- Coordinates: 13°46′16″N 39°20′17″E﻿ / ﻿13.771118°N 39.338038°E
- Type: Freshwater artificial lake
- Primary outflows: Agefet
- Basin countries: Ethiopia
- Surface area: 0.135 km^{2} (0.052 sq mi)
- Water volume: 0.793×10^^{6} m^{3} (643 acre⋅ft)
- Settlements: Tsigereda

= Ginda'i =

Ginda'i (also spelled Gindae) is a reservoir located in the Kilte Awula’ilo woreda of the Tigray Region in Ethiopia.
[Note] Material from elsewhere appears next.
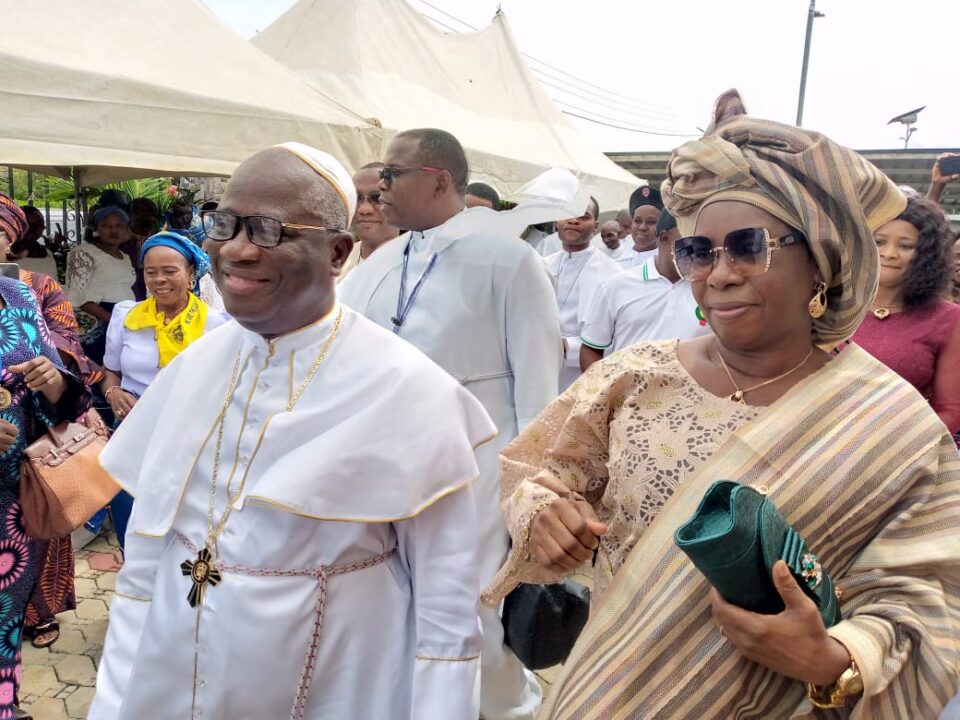 Caption: Prelate of the Methodist Church Nigeria, His Eminence, Dr. Samuel Chukwuemeka Kanu Uche, - who retires this November - and his wife, during a valedictory reception held in honour at the Christ Methodist Cathedral, Nyanya, Abuja, on Friday. ********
The earthen dam that holds the reservoir was built in 1998 by SAERT.

== Dam characteristics ==
- Dam height: 19.5 metres
- Dam crest length: 483 metres
- Spillway width: 23.2 metres

== Capacity ==
- Original capacity: 793170 m³
- Dead storage: 142405 m³
- Reservoir area: 13.5 ha
In 2002, the life expectancy of the reservoir (the duration before it is filled with sediment) was estimated at 20 years.

== Irrigation ==
- Designed irrigated area: 54 ha
- Actual irrigated area in 2002: 6 ha

== Environment ==
The catchment of the reservoir is 11.16 km² large. A net erosion map for the Ginda’i catchment shows that sediment deposition occurs at the footslopes, while the maximum erosion rate (more than 150 tonnes per hectare per year) occurred on the steepest slopes. Erosion rates in the cultivated lands are often low, as in the Ginda’i catchment croplands are generally located on slopes which are less than 5% steep. The reservoir suffers from rapid siltation. Part of the water that could be used for irrigation is lost through seepage; the positive side-effect is that this contributes to groundwater recharge.